* _Listed entries_
--- START ---
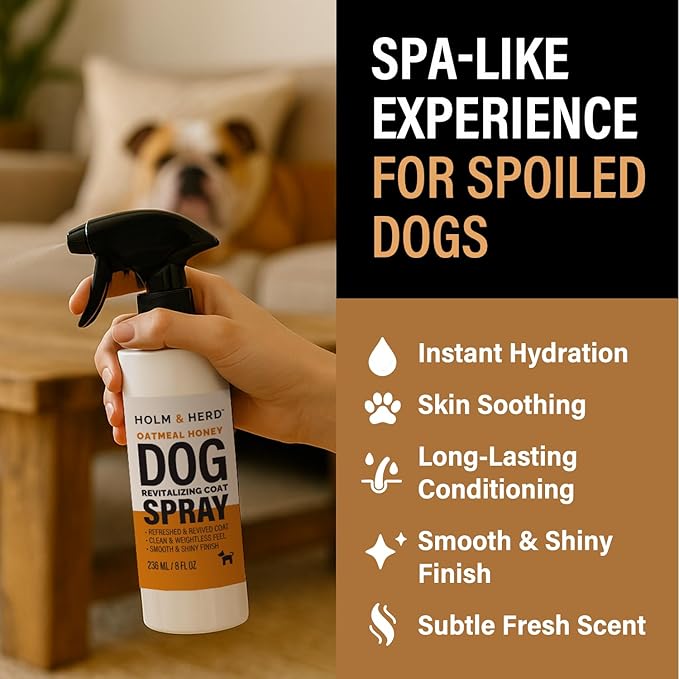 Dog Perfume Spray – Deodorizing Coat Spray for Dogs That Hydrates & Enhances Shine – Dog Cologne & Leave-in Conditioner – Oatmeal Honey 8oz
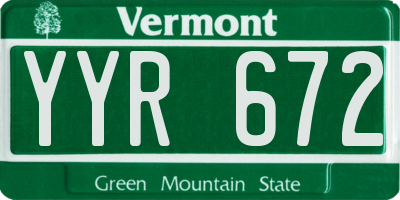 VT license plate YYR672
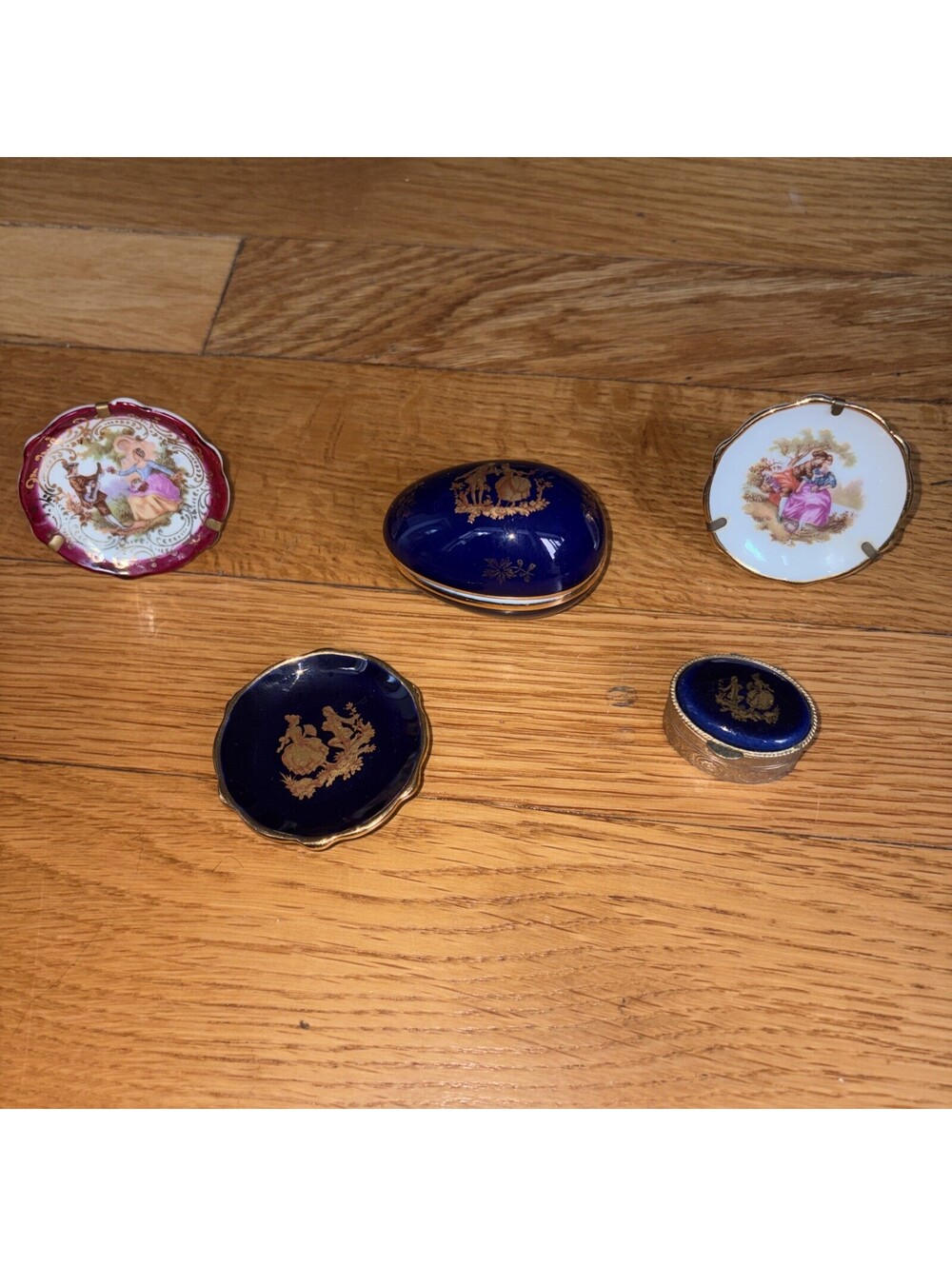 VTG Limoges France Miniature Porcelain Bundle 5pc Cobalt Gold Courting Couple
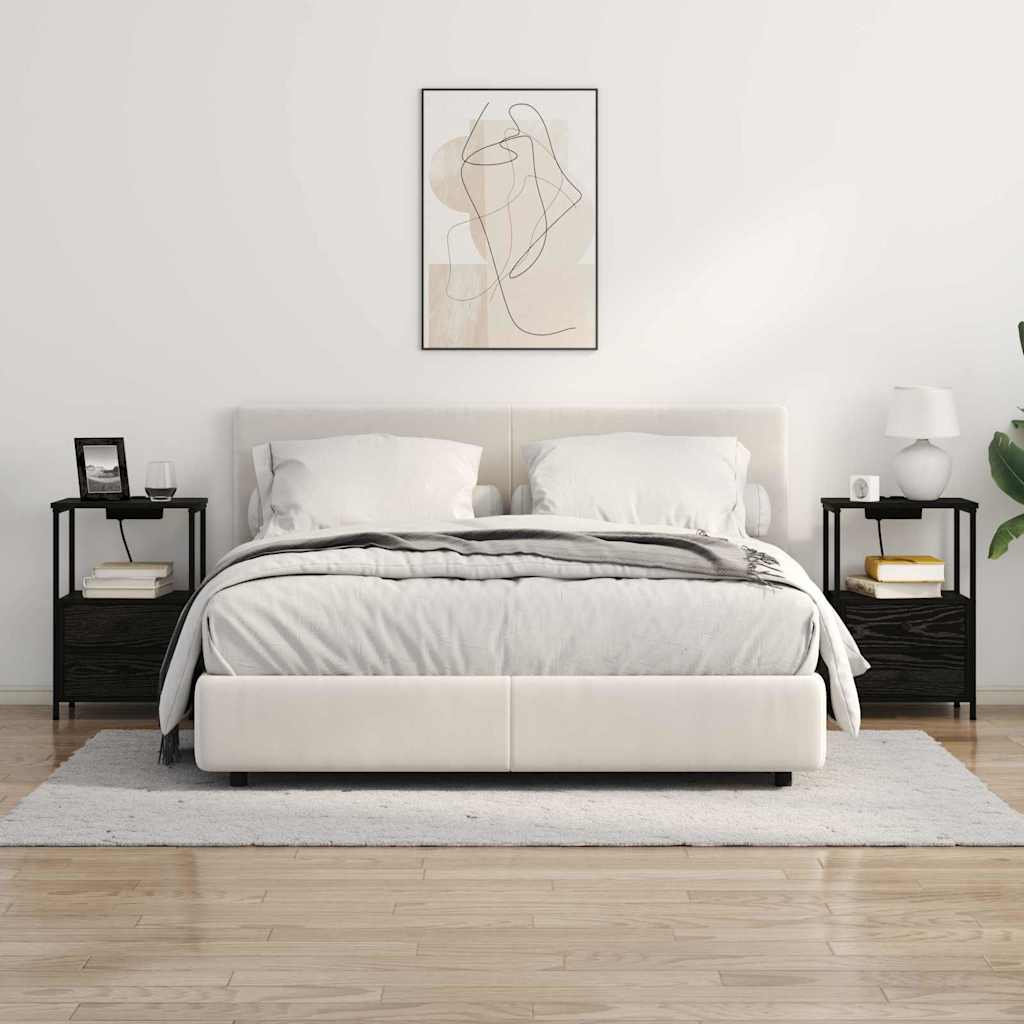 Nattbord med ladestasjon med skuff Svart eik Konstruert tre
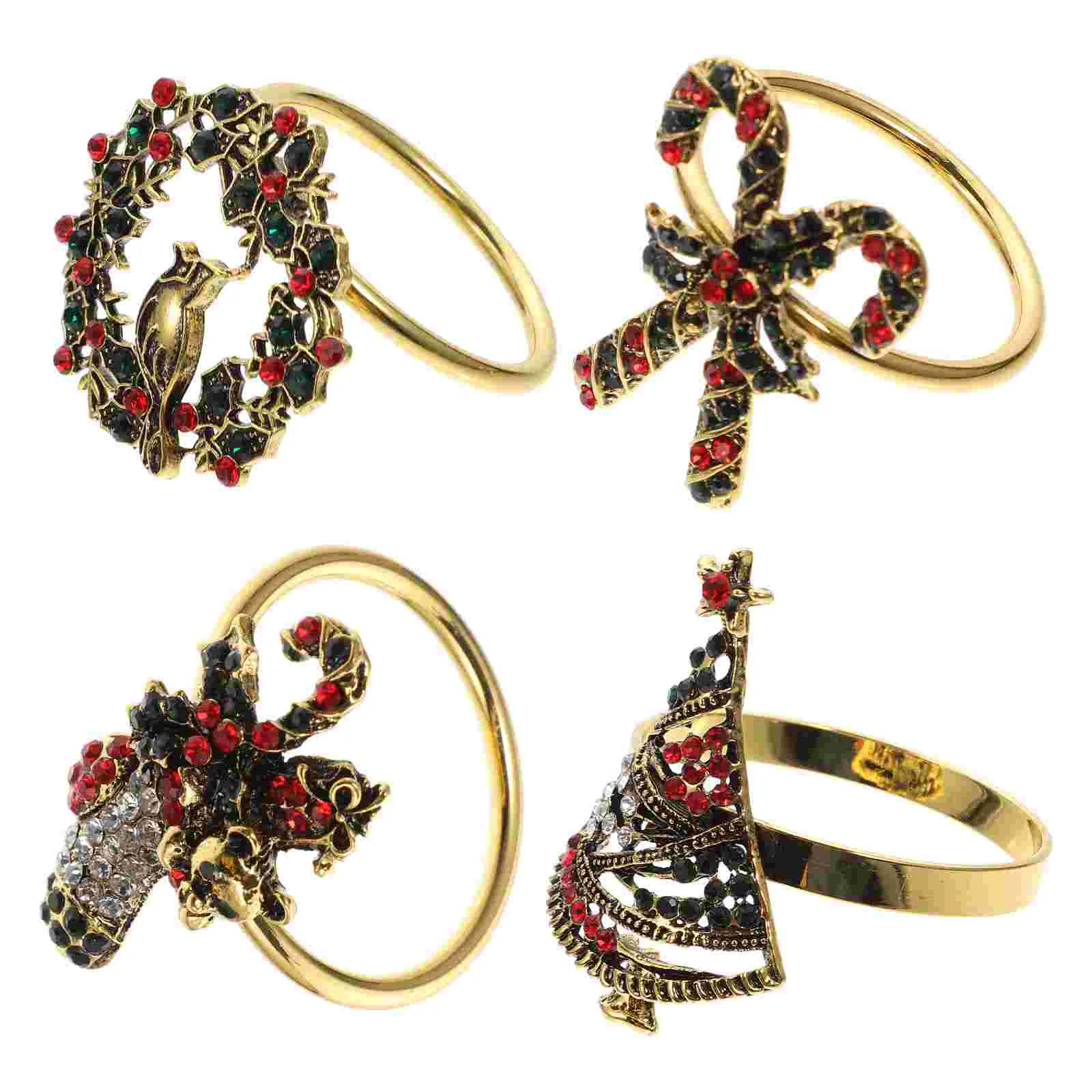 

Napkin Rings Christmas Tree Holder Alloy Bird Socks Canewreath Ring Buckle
--- END ---
* _Problem to work on_
Every line from the one with "VT license plate YYR672" to the end of the records above should be restated word for word, and no picture belongs in the copy.

* _Written response_
 VT license plate YYR672
 VTG Limoges France Miniature Porcelain Bundle 5pc Cobalt Gold Courting Couple
 Nattbord med ladestasjon med skuff Svart eik Konstruert tre

Napkin Rings Christmas Tree Holder Alloy Bird Socks Canewreath Ring Buckle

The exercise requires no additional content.